Nearly every traditional industry has faced some form of disruption in the past decade, and the pace of change is picking up. The telecommunications space has been one of the most impacted, with over-the-top (OTT) players offering services directly to consumers via the internet. Innovation has led to telcos seeing intense pressure on their core business –local and international voice calls and SMS– while revenue growth remains led by data services.
Many players are now defending their businesses while trying to enhance the customer experience through digital transformation. A PwC 2017 Telecommunications Trends report revealed that the average revenue per user (ARPU) in the telecommunications industry has been falling in nearly every region. Having faced stagnation in the past few years, telcos are exploring opportunities across verticals to diversify revenue streams.
Partnerships can become the foundation for telcos to innovate. They could seek out companies with similar goals to build synergies with, instead of looking to reinvent the wheel for each new product or service.
An example of a great collaboration resulting in product innovation is the UK-based virtual mobile network Anywhere Sim. The company partnered with multiple networks in the EU to enable users to roam seamlessly through connecting to any available network automatically. Across different verticals, there have been instances of telecommunication firms and financial institutions converging to provide mobile financial services (MFS), which has witnessed an especially high uptake in emerging markets with unbanked and low-income segments.

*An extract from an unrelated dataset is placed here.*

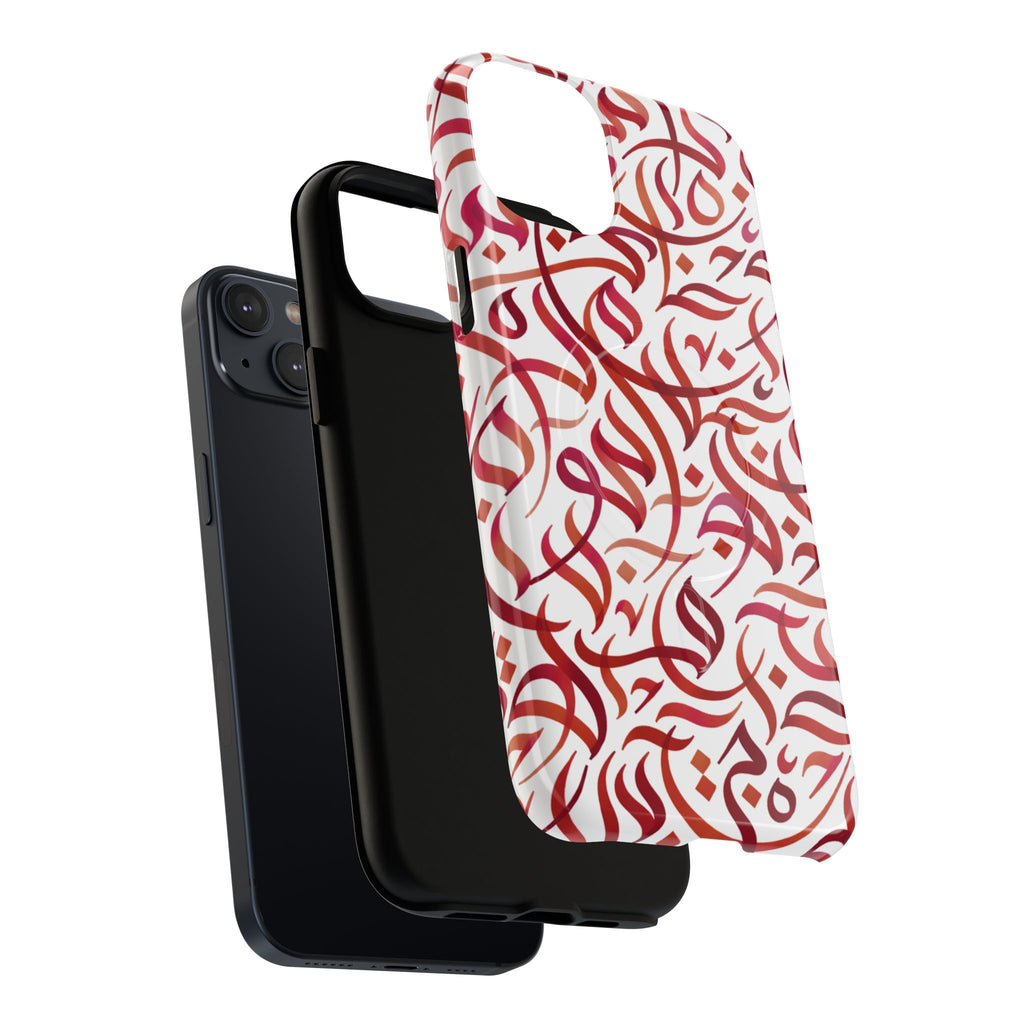 Flowing Calligraphy Red - Magnetic Case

In the UAE and across the Middle East, capitalizing on telcos’ broad reach makes particular sense due to the high mobile penetration rates. For example, the UAE boasts 230 mobile subscriptions per 100 inhabitants in the first quarter of 2018, according to the Telecommunication Regulatory Authority.
But, of course, not all partnerships are made equal. Telcos need to leverage synergies that present a new value proposition to differentiate their offerings from competitors. To stand out, telcos need to consider how to address another dimension of the subscribers’ lives, in a way that builds loyalty and reduces the churn rate.

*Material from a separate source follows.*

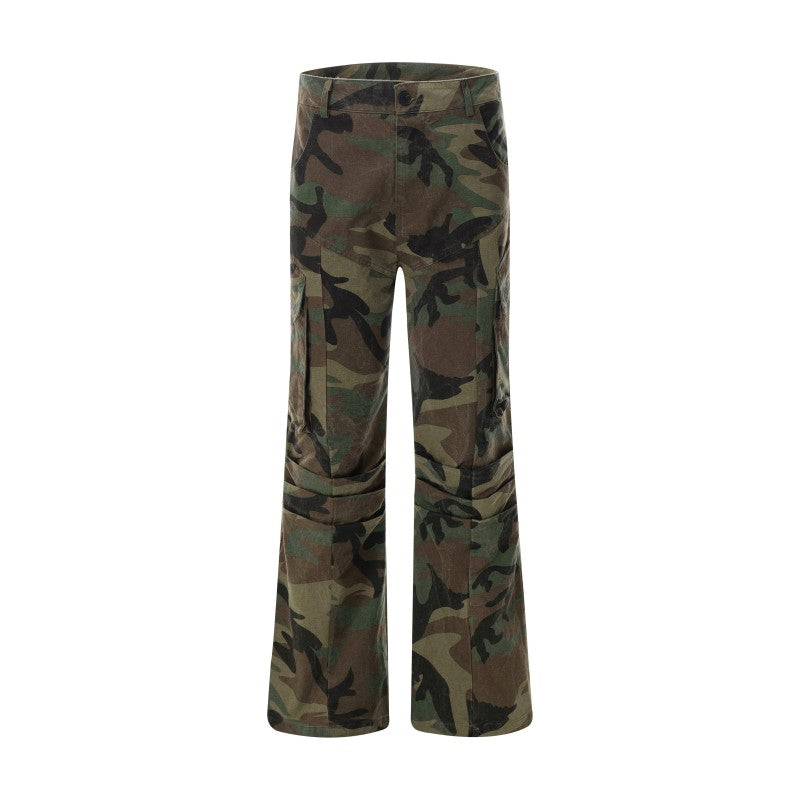 BTSG American Vintage Camouflage Niche Casual Cargo Pants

Beyond business advantages, partnerships that lead to improving communities and encouraging inclusion can help telcos enhance their public image and further cement their relation with their subscribers. Many companies are now looking past corporate social responsibility and leaning towards authenticity and purpose to engage stakeholders. Integrating social impact into the competitive strategy can make all the difference, and align values between the company, consumers and stakeholders.